These Basic Cream Scones are so simple to pull together in a short time. They are the perfect canvas for clotted cream or butter and jam. They are wonderful for breakfast or tea time.
Last month, I showed you how to make these tender Basic Buttermilk Scones and a few other buttermilk scones with different fillings. Today I want to show you another basic scones recipe that’s even easier, Basic Cream Scones. Believe it or not, I don’t always have buttermilk in the fridge, but I always have cream for some impromptu whipped cream or hot chocolate. And that carton of cream sure comes in handy when brunch time requires scones.
How to Make Basic Cream Scones
There is just one difference between these Basic Cream Scones and last month buttermilk scones, instead of buttermilk and cold butter, these scones just calls for cold cream. No need to work the butter into the flour mixture before adding the liquid ingredients. For these cream scones, all you need to do is fold the egg and cream mixture straight into the flour.
The dough for these Basic Cream Scones will not be as wet as last month buttermilk scones, so use extra flour sparingly. When you have a slightly wet dough in the bowl, dump everything out on the counter and pat it out with your hands, fold it over itself a few times, this will create layers when baked up. Shape into a circle about 1” thick and slice into 8 pieces.
Egg wash or Cream wash?
A typical egg wash is made with 1 egg and 1 tablespoon of cream or milk. However, I think it’s a waste to prepare an egg wash for just 8 scones. So for these scones, you can use a cream wash instead. It will still get the top of these scones to be light brown and pretty. You’ll need approximately 1-2 tablespoons of cream to brush the top and sides of these scones before baking. Don’t forget the turbinado sugar for crunch and shine.
Sometimes, when making scones, I prepare a make-shift egg wash by stealing 1 to 2 tablespoons of the egg and cream (or milk) mixture prepared for the scone dough. The instructions for these Basic Cream Scones do not include this step.

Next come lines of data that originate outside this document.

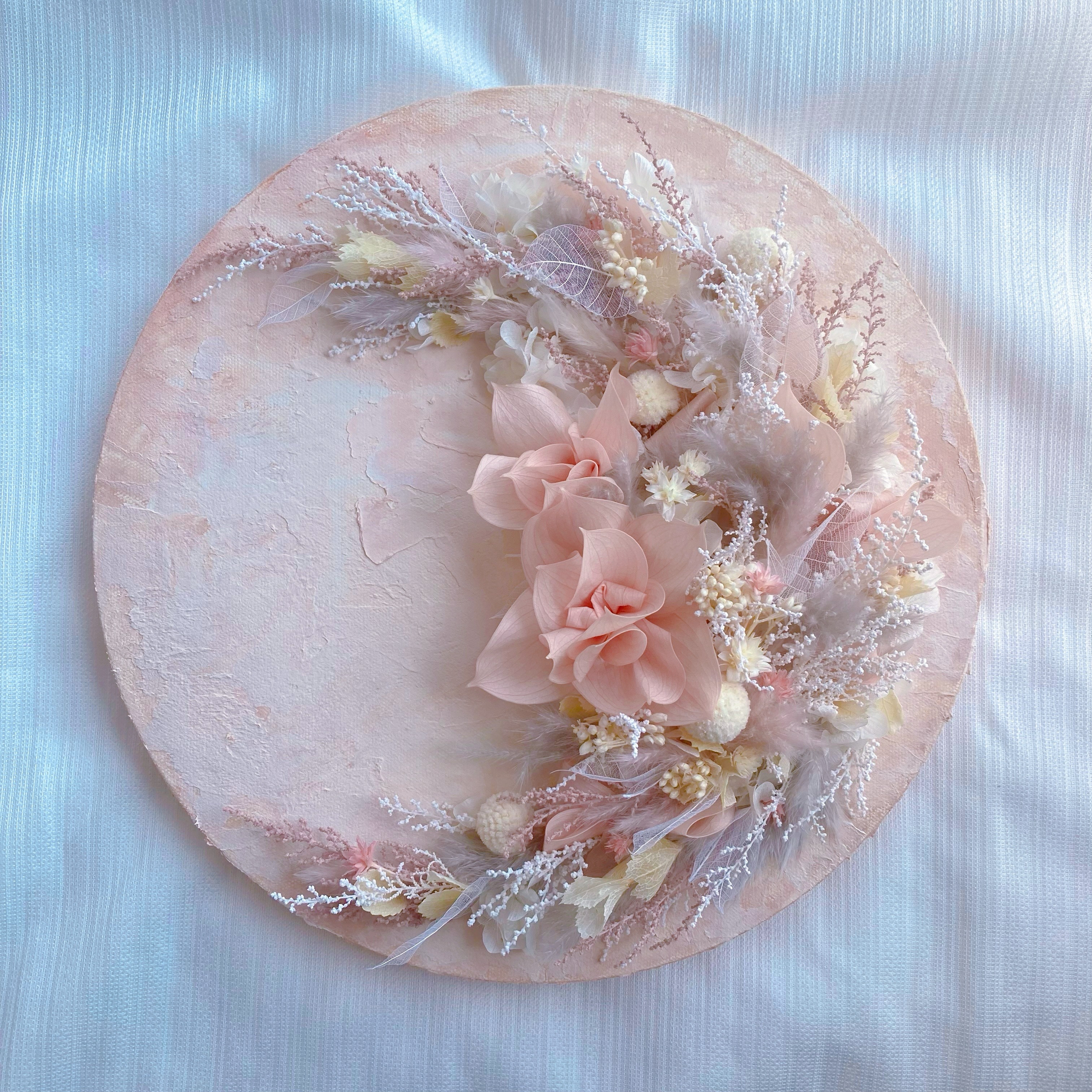 壁を彩る　ピンクベージュの三日月キャンバスフラワー　プリザーブドフラワー　壁飾り　スワッグ　テクスチャーアート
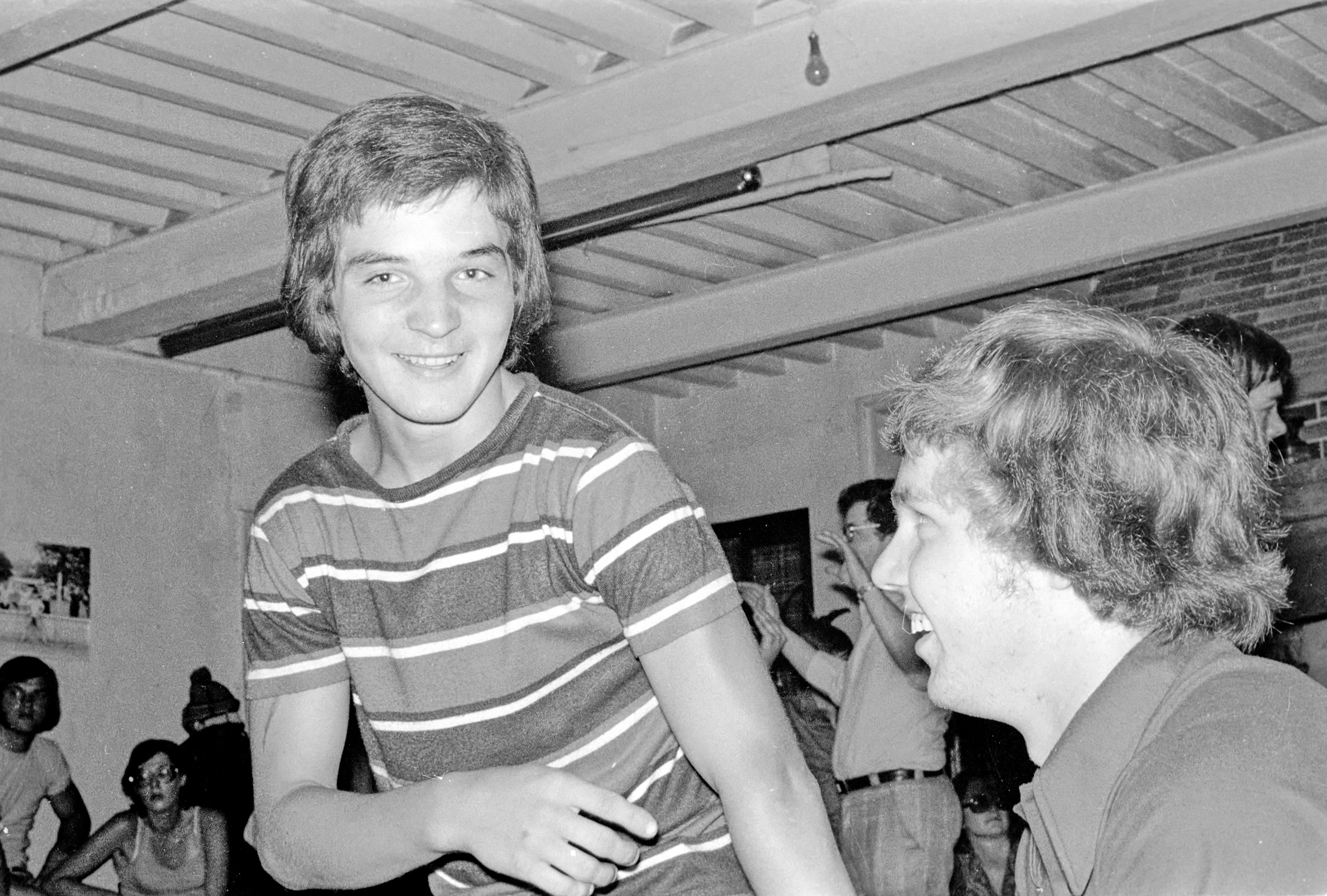 Accueil d'une délégation de jeunes canadiens suite au jumelage des Martres-de-de-Veyre et de Wynyard, aôut 1973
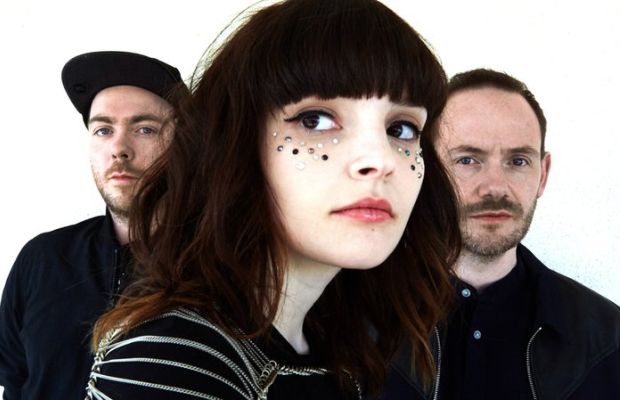 WATCH: <a href="/CHVRCHES/">CHVRCHES</a> share fun-filled video for “Empty Threat” 🌞 altpress.com/news/entry/chv…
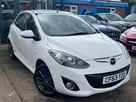 2013-mazda-mazda2-13-venture-small-12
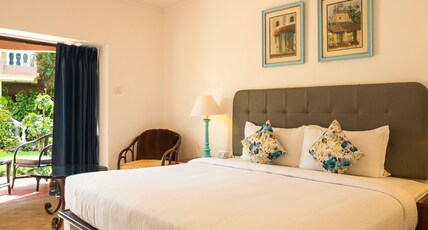 Coconut Grove Beach Resort Room Type - Deluxe Room with Bathtub and Balcony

If you decide to do this, make sure to add an extra 1-2 tablespoons of cream to this egg/cream mixture while making it to replace the liquid you’ll be taking out for the egg wash.
These Basic Cream Scones are more crumbly compared to last month buttermilk scones. They have a creamy, milky taste and they are the prefect base for fruit or any type of juicy fillings. These scones are best served warm with a cup of coffee for breakfast or with afternoon tea. Butter and jam, fruit butter or fruit compote are delicious on these. Try them with some homemade lemon curd and blueberry compote. Enjoy!
More Cream Scone Recipes
- Strawberry and Cream Scones
- Clementine Cream Scones
- Orange Cream Scones
- Lemon Blueberry Cream Scones
- Lemon Poppy Seed Scones
If you make this recipe, please let me know! Leave a comment, rate it and don’t forget to tag me @wildwildwhisk on Instagram. I’d love to see what’s cooking up in your kitchen. Cheers!
📖 Recipe card
Basic Cream Scones
- 2 cup all-purpose flour
- ⅓ cup granulated sugar
- ½ teaspoon kosher salt
- 1 tablespoon baking powder
- 1 large egg + cream to make 1 cup
- 1 teaspoon vanilla extract
Cream wash & topping
- Extra cream
- Turbinado sugar
- Preheat the oven to 400°F and line a baking sheet with parchment paper.
- Add flour, sugar, salt, and baking powder to a medium mixing bowl and mix to combine.
- In a measuring cup, add egg and cream to fill one cup. Add vanilla extract and beat to combine.
- Make a well in the middle of the flour mixture and pour in the liquid mixture. Fold with a spatula or wooden spoon until a wet dough forms.
- Turn the dough out onto a lightly floured board, fold it over itself a few times, and shape into a circle about 1” thick. Cut into 8 scones.
- Place the scones on the prepared baking sheet, brush the top and sides with extra cream, and sprinkle generously with turbinado sugar.
- Bake for 19 - 20 minutes until golden brown. Remove from the oven and let cool completely on a wire rack.
- Serve warm with clotted cream or butter and jam.